As many of you have experienced from your first few weeks of training, recovery plays an important part in your overall training plan. We scale the workouts to the best of our abilities, trying to ensure that you get a good workout without having you never come again. Inevitably, you’ll run into a workout that’s going to have you limping up (and down!) stairs, waking up in the middle of the night wondering why you can’t fully extend your arms, and wincing whenever you sit. While we have all trained in sore, fatigued states before, coming into your workout feeling fresh and strong only means that you’re one step ahead of the game. So as any decent person who has put you through hell more than once would do, I’m going to highlight a few ways to lead you down the wonderful road to recovery. I won’t pretend that any of this is ground breaking material, but if it means you’re able to train more, I’ve done my job.

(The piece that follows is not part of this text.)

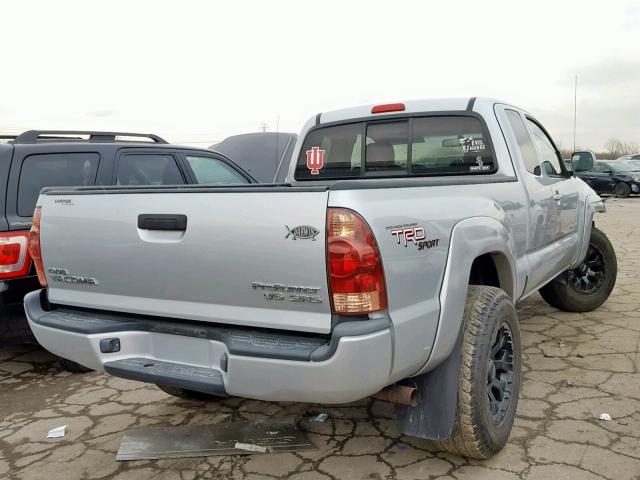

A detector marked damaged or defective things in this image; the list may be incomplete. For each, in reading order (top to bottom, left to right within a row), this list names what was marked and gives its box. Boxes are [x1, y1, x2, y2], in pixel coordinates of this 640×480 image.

For this first post, we’ll take a look at contrast water therapy. Why? It’s easy. Everyone can do it, and there isn’t much of a reason not to, unless you’re a wuss. Yeah, I said it. The idea is simple; alternate between periods of hot and cold water, either in the shower or by going from a hot shower to a cold bath. Try 2 minutes of hot, 30 seconds of cold. Rinse and repeat x 4.
For something that costs you next to nothing, the cost-benefit ratio is high. Straight from an NSCA study on Contrast Water Therapy:
“Contrast water therapy was associated with a smaller reduction, and faster restoration, of strength and power measured by isometric force and jump squat production following DOMS-inducing leg press exercise when compared to PAS. Therefore, CWT seems to be effective in reducing and improving the recovery of functional deficiencies that result from DOMS, as opposed to passive recovery.”
So give it a try. The guys at Catalyst Athletics are doing it. I just did it. Shouldn’t you?